Note: This article is based on a study by the authors, Uncertain steps toward community forestry: a case-study in northern New Mexico (Henderson and Krahl, 1994).

An analysis of the management of federal forests in the United States and consideration of the potential benefits of adopting principles that have proved valuable in community forestry efforts in developing countries.

Over the past several decades, agencies responsible for public forest management around the world have experienced increasing tension and conflicts with the societies they are intended to serve. Although these agencies are set in a diversity of political, social and environmental conditions, many share elements of an approach to forests and forest management based on principles developed in feudal, medieval Europe. The United States is no exception. Much of the turmoil and criticism experienced by these agencies results from an inability of this approach to forest management to balance national goals with the need to respond adequately to the needs of local communities and to the increasing expectations for participation that exist in many contemporary societies. Without local cooperation and public support, forest management agencies have found it difficult or impossible to accomplish their mandate to sustain forest ecosystems and increase forest productivity.

For a number of reasons, forest management agencies in many developing countries have already begun exploring alternative approaches emphasizing the participation of local communities in the management of government-owned forests and the establishment of mechanisms through which local communities share decision-making power and implementa-tion responsibilities with a forest man-agement agency. Under these approaches, the agency becomes a partner to local com-munities in forest management decision-making and implementation and the agency's relationship to the communities shifts from exercising authority to provid-ing services. Although not a panacea, these approaches have often resulted in reduced conflict, increased public cooperation and support and the improved likelihood of sustaining forest ecosystems. Some of the key characteristics of successful efforts are presented in the Box.

In the United States, however, a different approach has been adopted in response to a perceived need to make forest management more socially responsive and to handle conflicts. The traditional forest man-agement framework has been amended to include mechanisms for public input, but has not fundamentally altered the decision-making power and implementation responsibilities vested in the federal forestry agency - the Forest Service of the United States Department of Agriculture (USDA). This approach is typified by the incorporation of public involvement mechanisms into the Forest Service's planning process and by the establishment of public advisory boards for which the terms of reference and appointments are usually determined by the agency. Under this approach, the public may make suggestions about forest management but the agency does not relinquish final decision-making power and implementa-tion responsibility. Notwithstanding large investments in such public involvement processes, there is little evidence that this approach has increased public confidence in the agencies or reduced conflict over forest management. In fact, the contrary appears to be true in many cases.

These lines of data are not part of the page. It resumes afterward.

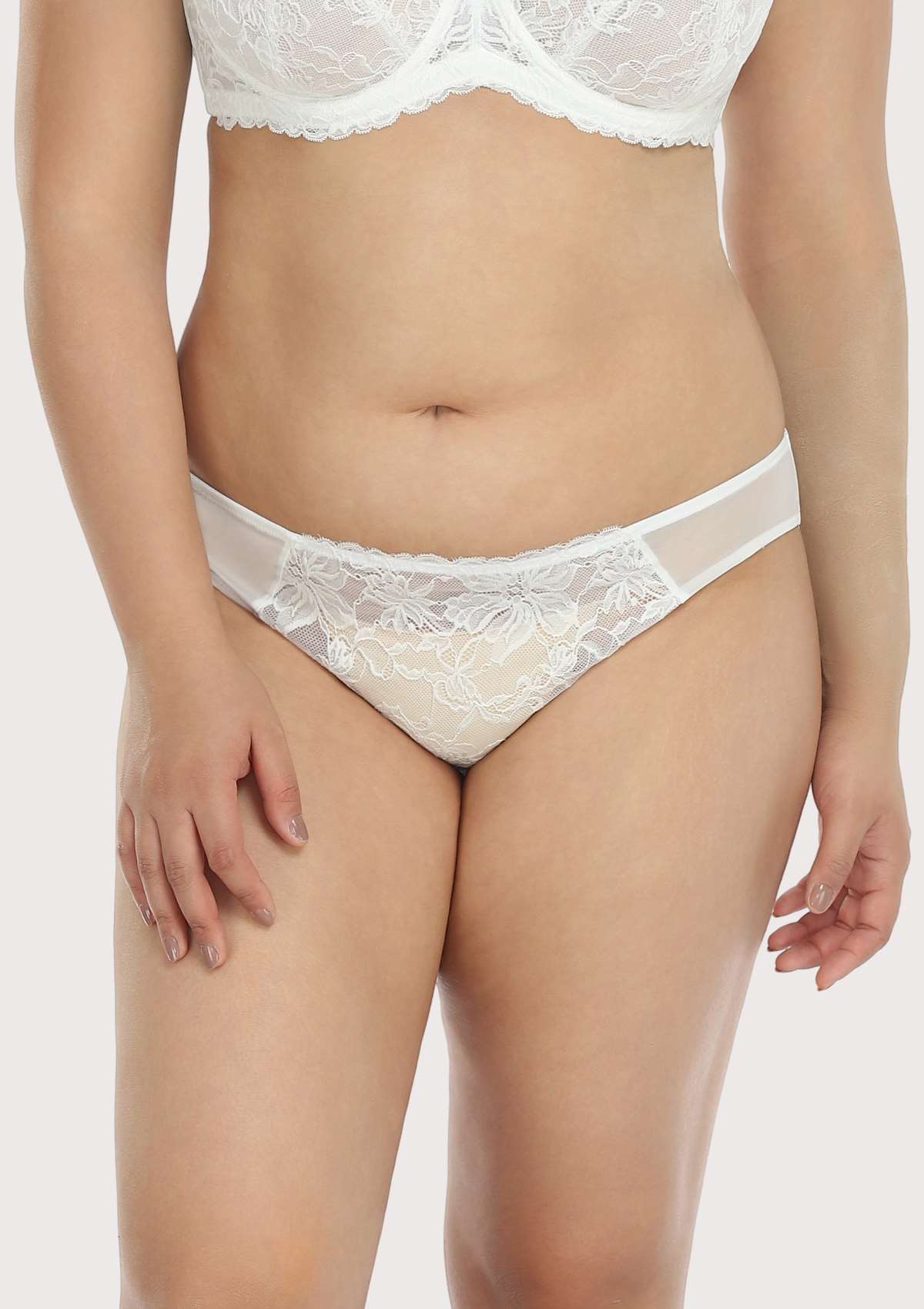 HSIA Mid-Rise Elegant Feminine Sheer Lace Mesh Comfortable Underwear. - M / High-Rise Brief / White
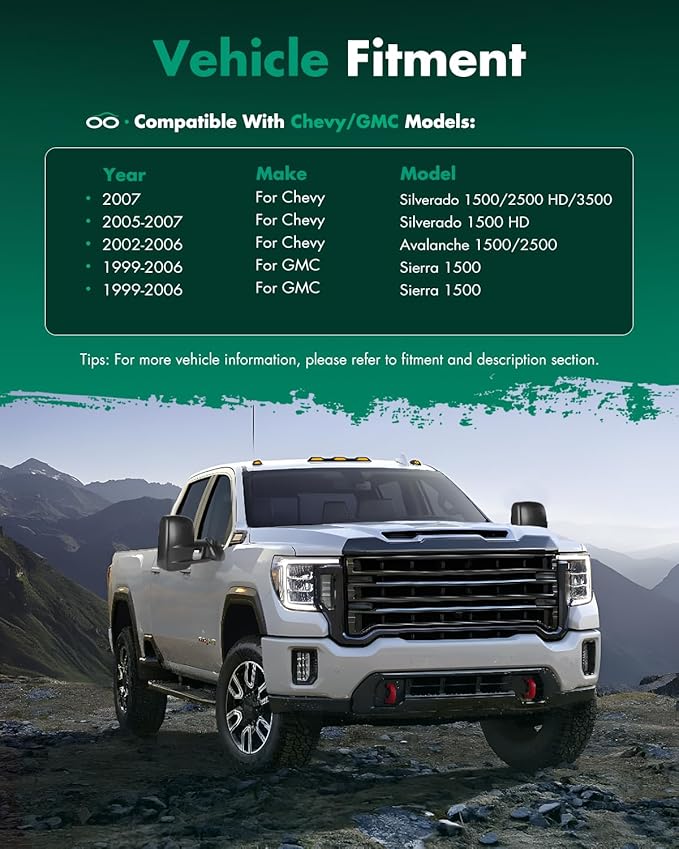 SCITOO Towing Mirrors for 2003-2007 Chevy GMC f-20250618 variations (1999-2007 Chevy/GMC Black - Manual Adjusted No Heated)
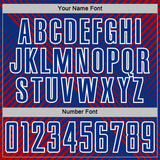 Custom Red Royal-White Line Sublimation Soccer Uniform Jersey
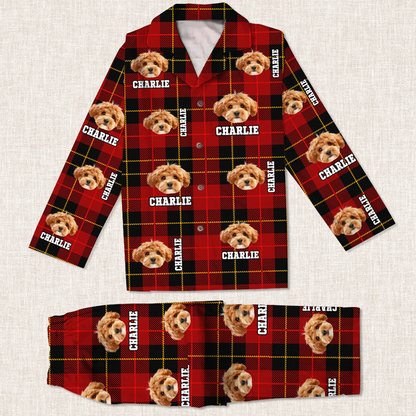 Funny personalized pajamas featuring custom pet photo for Christmas gift.
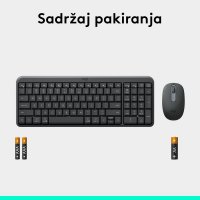 Tipkovnica + miš LOGITECH MK250 Compact Bluetooth Combo, bežična, crna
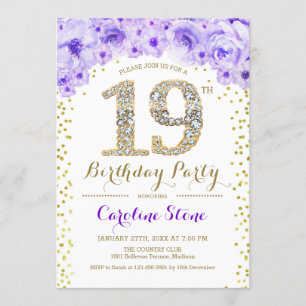 19th Birthday Party – ホワイト金ゴールドパープル 招待状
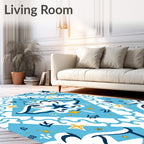 Azure Geometric Starburst Abstract Rug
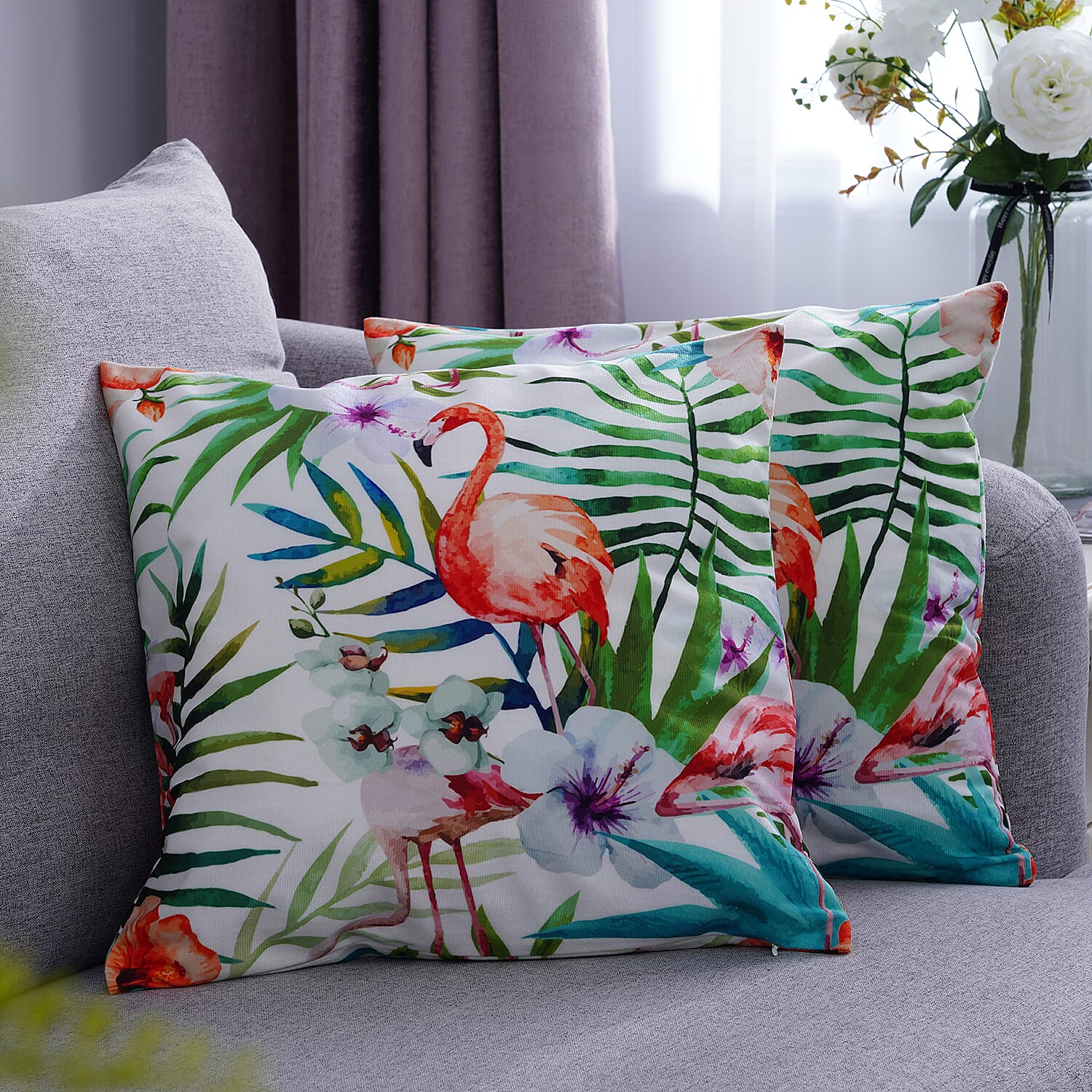 Set of 2 Flamingo, Flower and Tropical Leaves Pattern Cushion Cover (Polyester)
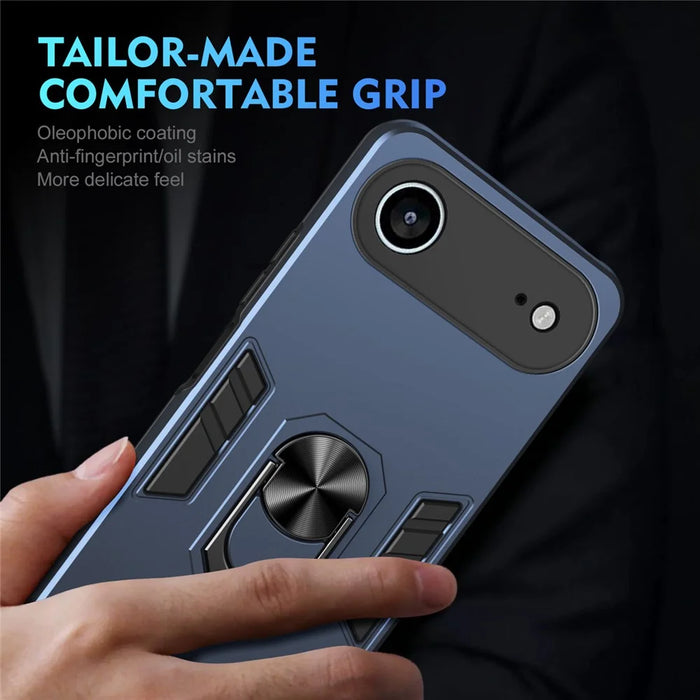 For iPhone Air Case PC + TPU Drop Defend Phone Cover with Ring Kickstand - Blue - 4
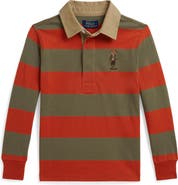 Polo Ralph Lauren Kids' Polo Bear Striped Rugby Shirt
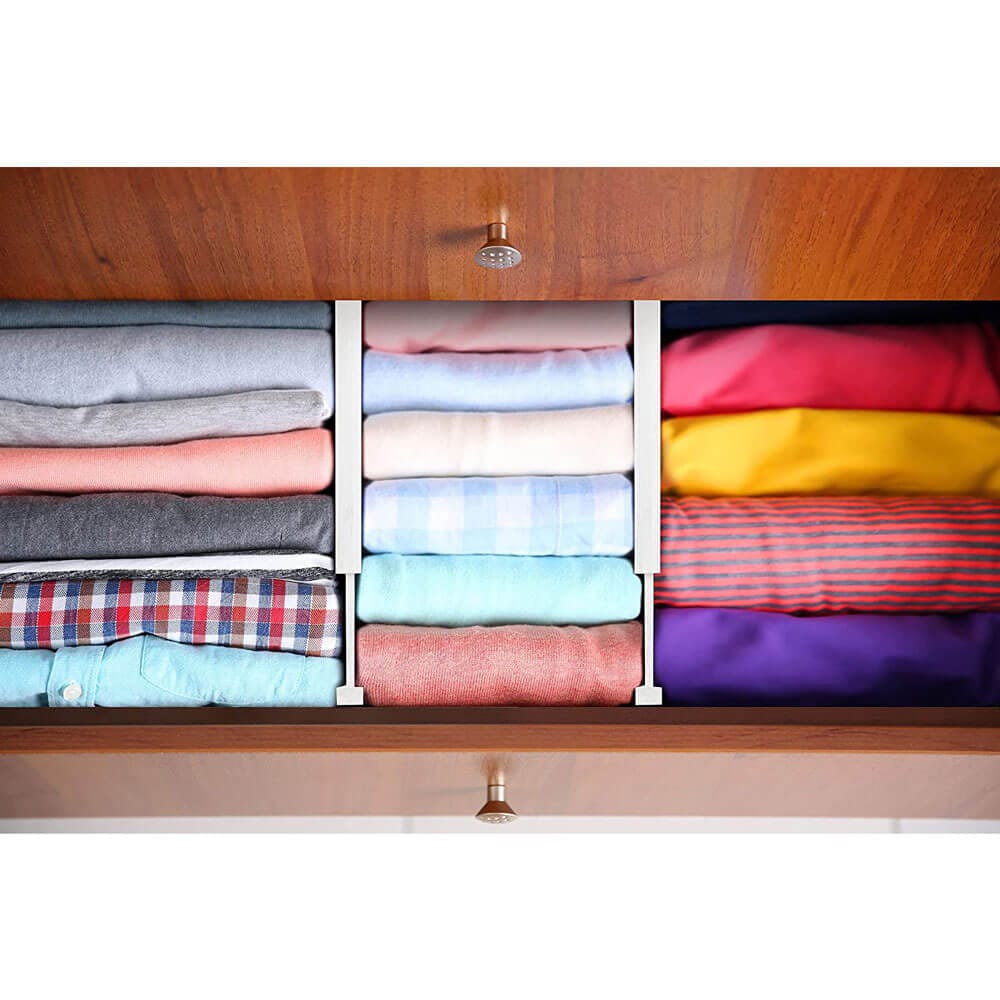 Homemaid Living 100% Bamboo Drawer Dividers, Set of 4, White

This article examines the history of management of federally owned forest land in the United States, particularly in relation to vacillating interest in and efforts to promote the participation of local communities. It concludes by suggesting that the Forest Service might benefit from the consideration and experimental adoption of community forestry principles similar to those already embraced by many developing countries.

HISTORY OF THE UNITED STATES' EXPERIENCE

As in other former colonies, many of the fundamental concepts that shaped the political organization and management objectives for forests in the United States derive from forest tenure and management in feudal Europe. The major colonial policy directed towards forests was the Broad Arrow Policy, established in 1691 by the charter for the Province of Massachusetts Bay (Dana, 1956). Eventually extended to several other colonies, the Broad Arrow Policy embodied and expressed basic tenets of forest tenure and management in feudal Europe: that the state's rights to and interests in forests hold primacy over those of local people, and that the state's objectives for forest resources need not be determined by - and may run counter to - the interests of local people. The policy was immediately unpopular and proved unenforceable (Dana, 1956).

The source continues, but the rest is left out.